Connect 4? Why Not More?

HPHS students invent new games for Scottie Joe’s coffee customers

Engineering, problem-solving, technology, mechanics – Highland Park High School MAPS program students employed those and other skills for a recent project.

The Moody Advanced Professional Studies (MAPS) program challenged students to make tabletop games for customers of Scottie Joe’s coffee shop to interact with while they wait for their drinks.

Scottie Joe’s is an 18+ program-run coffee shop on the campus that is accessible to all students and teachers. The menu features a wide range of drinks, from hot coffee to iced lemonade.

Project parameters were mainly wide open except for a deadline.

Juniors Charlie Poray and Row Dyer found inspiration in Connect 4, where two players take turns dropping their colored game pieces into a vertical game board until someone can complete a four-piece line of one color.

“We took the original idea of Connect 4 and said, ‘Why just two people?’” Poray said.
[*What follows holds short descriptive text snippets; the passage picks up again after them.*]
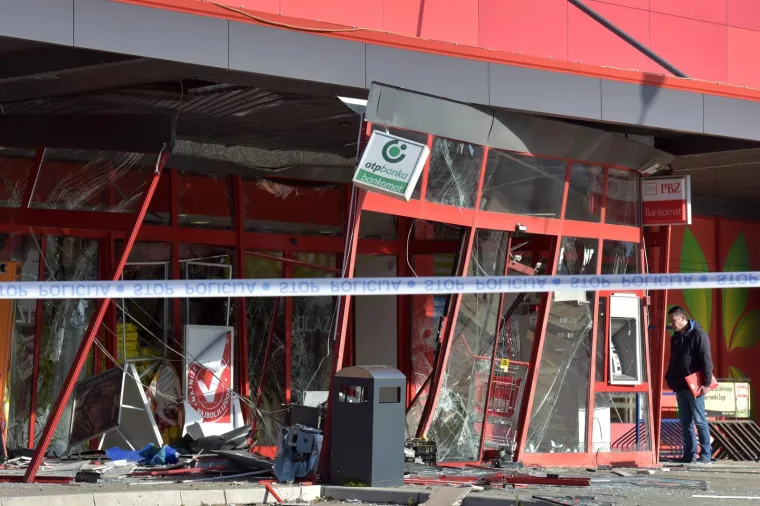 Dramatično jutro u Zadru: Eksplodirao bankomat na trgovačkom centru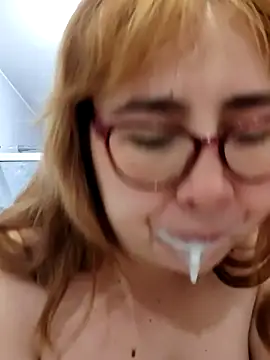 chloe_prg's Live XXX Chat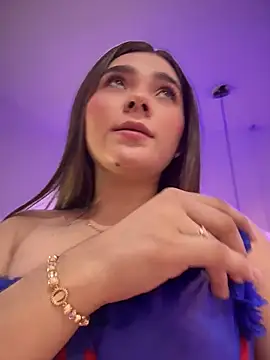 Snapshot of Mia_Rodriguezz_ chatting on 05/10/26, 03:23 Mia Rodriguezz online show from 05/10/26, 03:23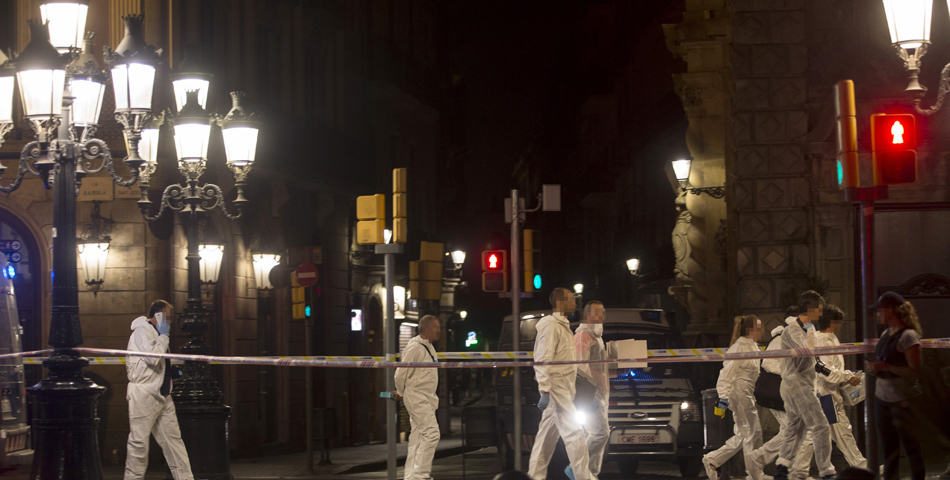 Mossos d´Esquadra, de la brigada científica, trabajan en el lugar del atentado ocurrido por la tarde en las Ramblas de Barcelona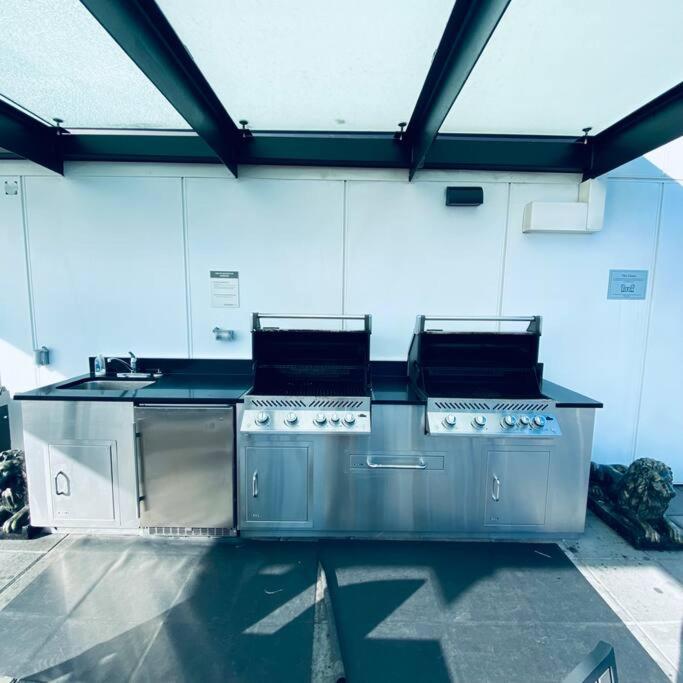 360º Rooftop Patio Views. Your-Home-Away-From-Home North Vancouver Extérieur photo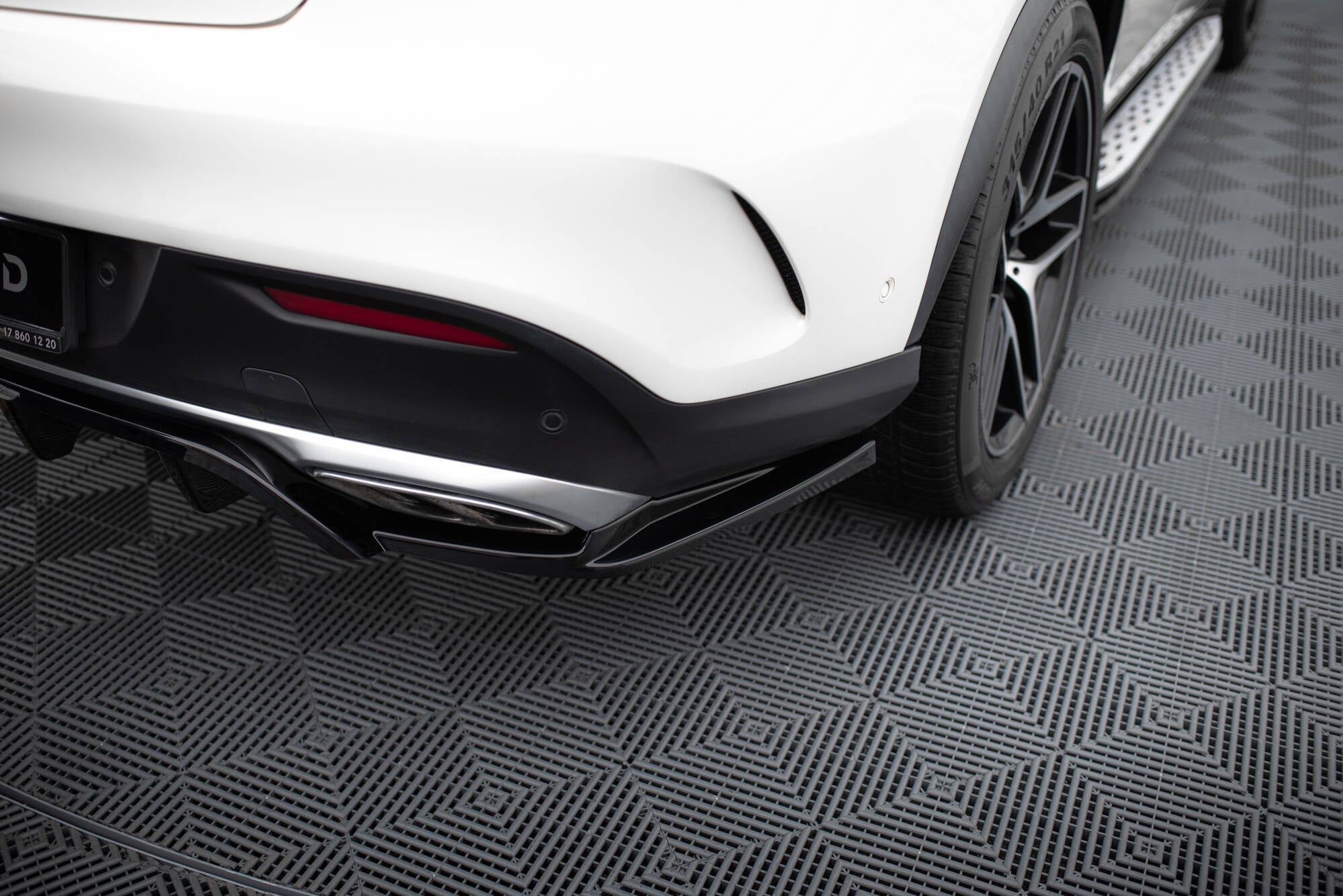 Rear splitter (with vertical bars) mercedes-amg gle 43 coupe c292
Poray and Dyer come from big families, so Connect 4 was never picked off the rack for game night. The boys wanted to make their game more interactive for a larger group of people.

“We went through a number of design innovations to try to accomplish our goal of keeping the design style and play style of Connect 4 but being able to add more people,” Dyer said.

The two boys then took their ideas to paper and started with a 2D drawing. After the paper schematics, Dyer and Poray put their ideas into the Fusion 360 3D printing software to print their game.

Other students found inspiration from games such as Shuffleboard and Battleship.